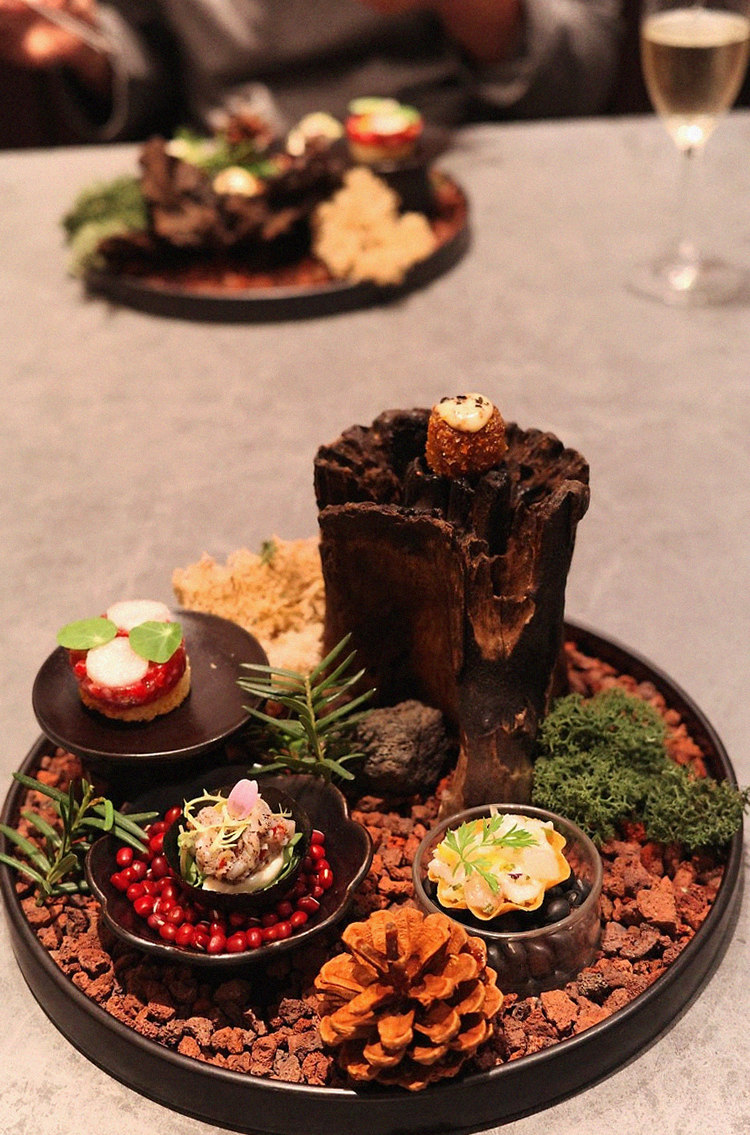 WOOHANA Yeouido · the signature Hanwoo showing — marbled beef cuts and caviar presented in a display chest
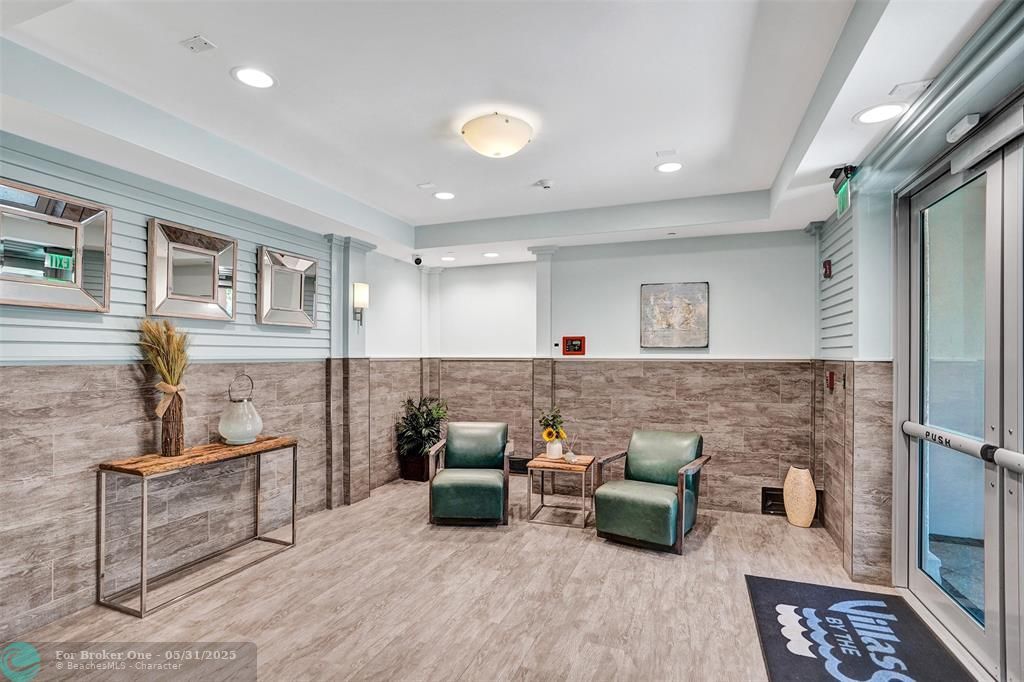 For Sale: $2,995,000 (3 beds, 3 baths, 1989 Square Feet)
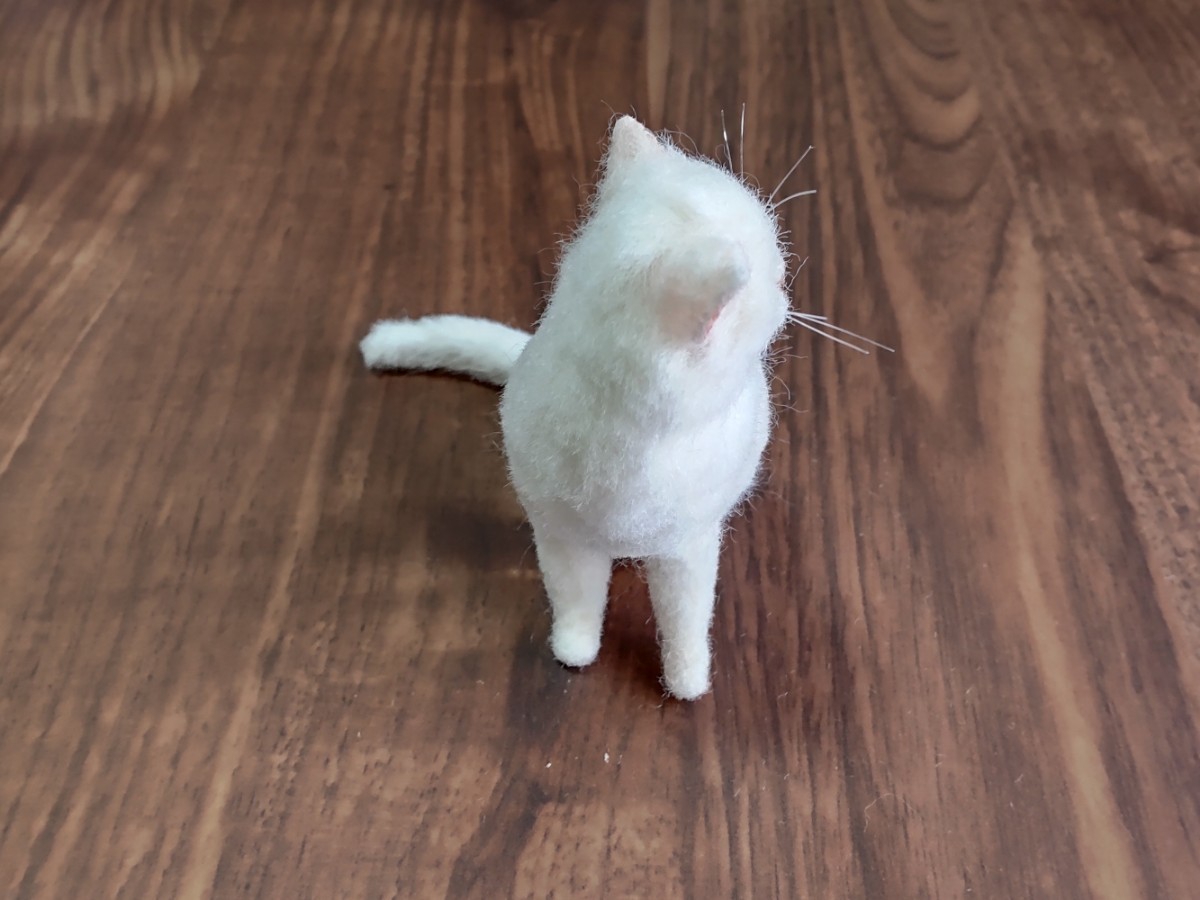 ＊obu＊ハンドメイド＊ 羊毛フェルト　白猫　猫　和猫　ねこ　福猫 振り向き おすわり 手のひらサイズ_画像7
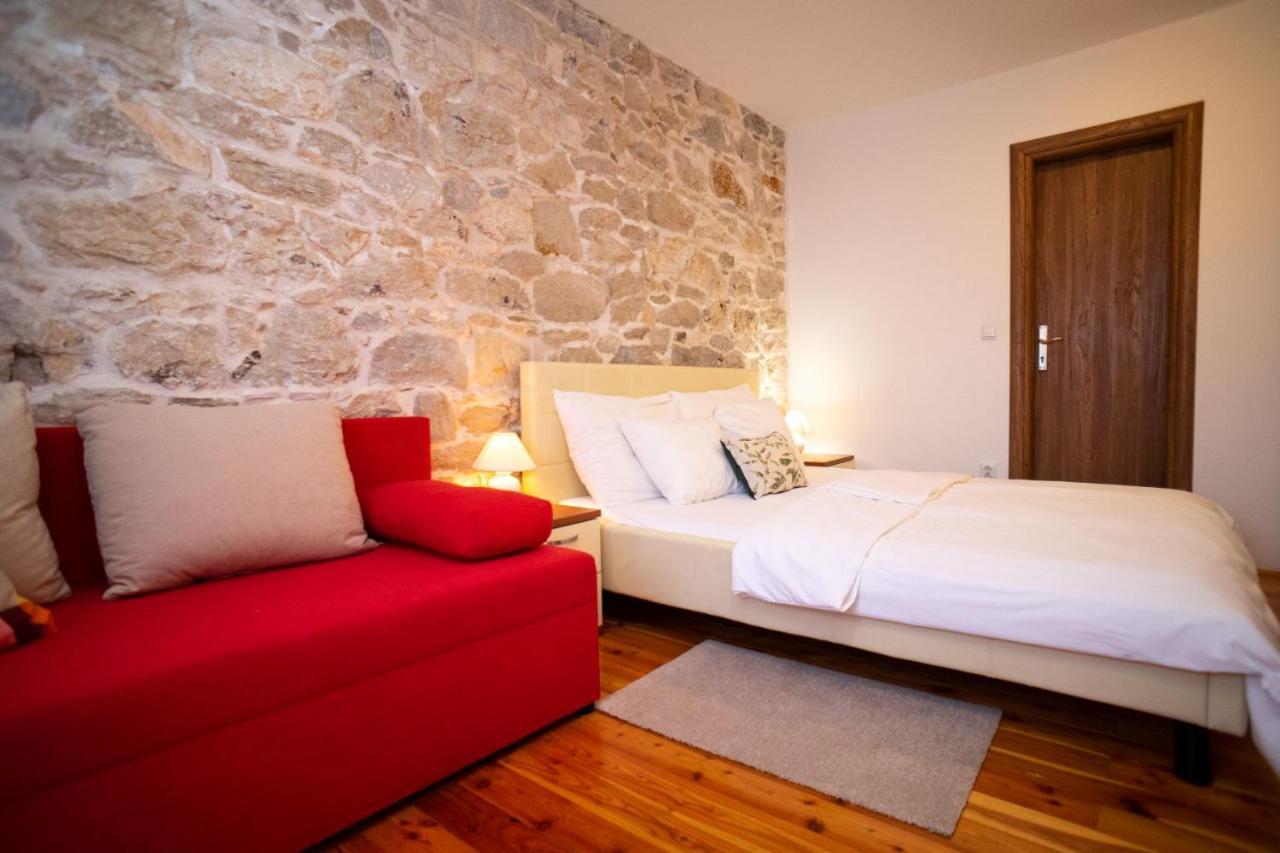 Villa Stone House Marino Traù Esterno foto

#### Problem details:
Repeat the listing above exactly, with no pictures.

#### Solved problem:
 WOOHANA Yeouido · the signature Hanwoo showing — marbled beef cuts and caviar presented in a display chest
 For Sale: $2,995,000 (3 beds, 3 baths, 1989 Square Feet)
 ＊obu＊ハンドメイド＊ 羊毛フェルト　白猫　猫　和猫　ねこ　福猫 振り向き おすわり 手のひらサイズ_画像7
 Villa Stone House Marino Traù Esterno foto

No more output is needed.